The specification discloses seven case studies performed for subjects that included three renal and four heart transplant patients wherein analyses provide data for anti-HLA DSA G1-G4 subclasses ([0064]). The specification discloses that as an example, complement fixing C1q binding and G3 DSA have been shown to be a risk factor for renal and liver transplant recipients, G1 and G3 were found to be associated with rejection and more class II was directed against HL-DQ after one year post transplant ([0080]). The specification discloses a recipient with stable function and a G4 DSA (patient FL) who was monitored for over two years with the most recent subclass analysis showing only G4 ([0081]). The specification further discloses that G4 also inhibits immune complex formation and can inhibit crosslinking and complement [fixation] of G1 and G3 Ig subclasses ([0081]). Inspection of Table 4 of the instant application reveals that patient “FL” had a heart transplant and at 36 months through 39 months had both G1 and G4 DSA antibodies at different ratios, G2 and G4 at one ratio, and G4 alone at 52 months, and with some timepoints indicating DSA against different HLA class II molecules within the one patient. Note the lack of data for the ratio of G4/G3 in this patient. These said G4/G1or G4/G2 ratios for this one patient were 2.2, 2.6, 3.6, 4.8, respectively.

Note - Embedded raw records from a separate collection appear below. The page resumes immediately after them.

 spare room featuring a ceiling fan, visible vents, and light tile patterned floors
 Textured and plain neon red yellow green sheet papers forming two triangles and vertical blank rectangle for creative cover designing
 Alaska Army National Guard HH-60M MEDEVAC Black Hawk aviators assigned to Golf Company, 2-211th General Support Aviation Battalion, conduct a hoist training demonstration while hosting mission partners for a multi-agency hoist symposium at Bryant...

The specification at [0071] and Table1 shows DSA for a renal transplant recipient “MD”. This patient had seven DSAs, with G1 DSAs to two different HLA molecules and no other G1-G4 DSAs found. By POD (post operative day) 9, the DSAs were predominately G1 and G3 with no G4. On POD 30 there were still strong complement fixing DSAs and the patient had lost renal function and was nephrectomized on POD 33. Five months later G1 and G3 persisted in all the SA DSAs, but there was a G4 subclass against HLA-A33 and HLA-DR7. Those latter G4/G3 ratios were 0.45 and 0.18, respectively.

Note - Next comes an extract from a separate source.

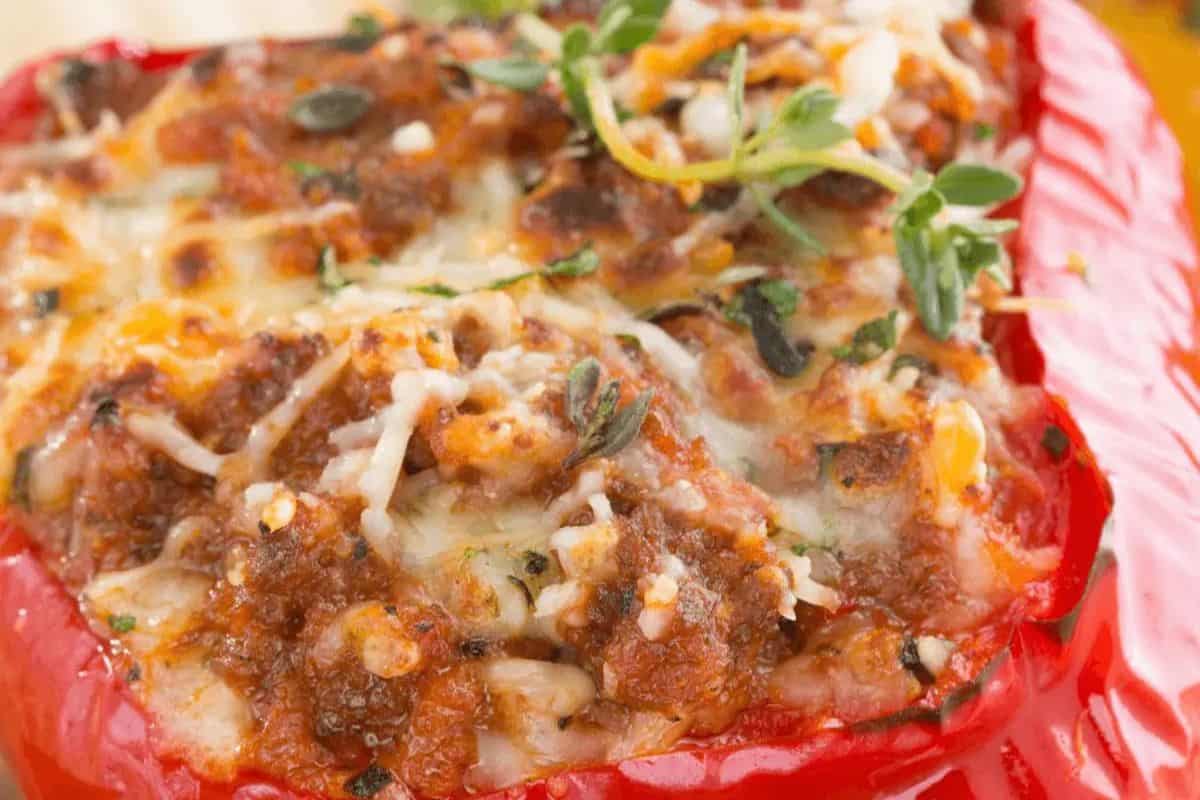 Close-up of a red bell pepper stuffed with chorizo, rice, and corn.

The specification at [0072] and Table 1 shows a renal transplant recipient “MY” who had G3 subclass DSAs against one HLA-DR4 antigen, after rejection at 3 weeks and measurement at 1 month, the patient had both G3 and G1 DSAs against the same HLA antigen, G1 DSAs against two different class II HLA antigens, and no G4 DSAs. The specification at [0073] and Table 1 indicates that this patient had G3 subclass DSAs pre-transplant, and G1 or G3 DSAs after rejection at 5 months. The specification at Table 2 shows three heart transplant patients having G1, G2 and, or G3 subclass DSAs after transplantation.

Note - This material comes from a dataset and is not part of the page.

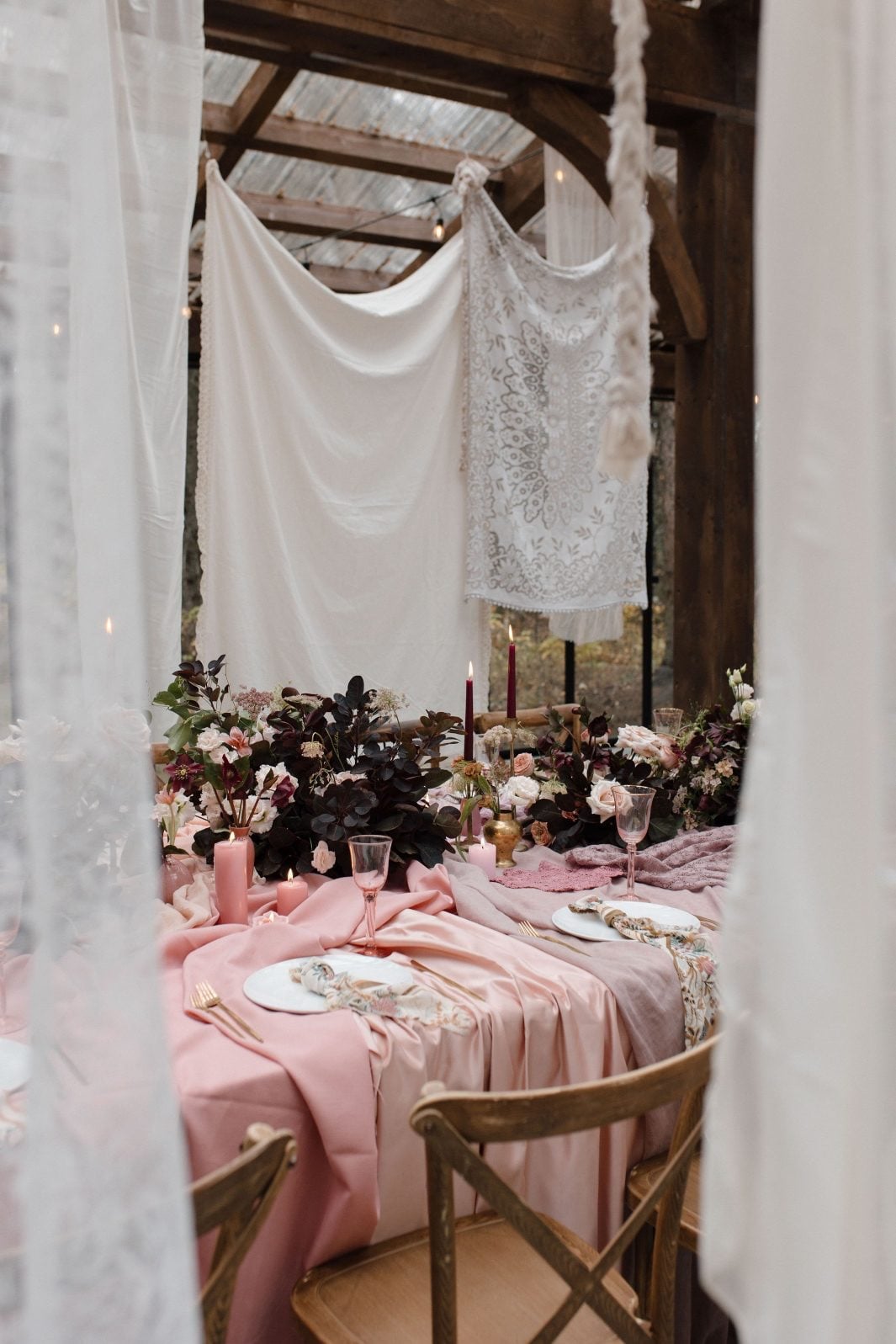 Nikki Collette Marsala True to Hue Tablescape Decor The marsala inspired table scape shot from between a couple of the suspended gauzy fabrics suspended from the ceiling for a bohemian look at this True to Hue photoshoot.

However, none of these examples at [0071]-[0073] disclose any information on G4/G1, G4/G2 and/or G4/G3 ratios for administration or for adjusting and administering further G4 doses. Nor were any of the patients in the examples treated by administration of G4 anti-DSAs. In fact Table 3 of the instant specification indicates a collection of these patients having no G4 having good function, poor function, or graft loss, while, as enunciated above, the monitored levels of the patient in Table 4 indicated both G4/G1 and G4/G2 anti-HLA DSAs with stable function over 60 months.
The specification does not disclose any working examples of administering G4 based upon any G4/other IgG subclass ratios or levels of G4 for administering additional G4 anti-HLA DSAs.
It is unpredictable, given lack of correlation and guidance, that ratios of G4/other IgG subclasses of anti-HLA DSAs observed in the sera of one to seven patients having one of two types of tissue transplant can be used for deciding ratio for administration to these said patients or to all patients having anti-HLA DSAs in the context of all tissue transplants.
Evidentiary reference Cicciarelli et al (Human Immunology, SUPPL. 1, pp. 30. Abstract Number: OR35. Meeting Info: 41st Annual Meeting of the American Society of Histocompatibility and Immunogenetics. Savannah, GA, United States. 28 Sep 2015-02 Oct 2015 ISSN: 0198-8859, STN accession number 0052181295, of record) teaches that the association between donor specific antibodies (DSA) and renal transplant rejection has been generally established, there are cases when a DSA is present without rejection. Cicciarelli et al further teach that IgG4 was seen in 10 of the 23 renal transplant recipients’ sera, but always along with complement fixing IgG1. “The detection of IgG4 subclass did not correspond to any enhanced graft survival outcome…We could not demonstrate any enhanced benefit of IgG4. However, in this cohort of patients, IgG4 appeared coincidently to IgG1, and we have previously seen excellent function in patients when IgG4 DSA exists alone”. See entire abstract.
There is insufficient guidance in the specification as to how to use the instant invention. Undue experimentation would be required of one skilled in the art to practice the instant invention. See In re Wands 8 USPQ2d 1400 (CAFC 1988).
7. Applicant’s amendment filed 10/6/25 has overcome the prior rejection of record of claims 16-20 under 35 U.S.C. 112(b) or 35 U.S.C. 112 (pre-AIA ), second paragraph, as being indefinite for failing to particularly point out and distinctly claim the subject matter which the inventor or a joint inventor (or for applications subject to pre-AIA 35 U.S.C. 112, the applicant), regards as the invention.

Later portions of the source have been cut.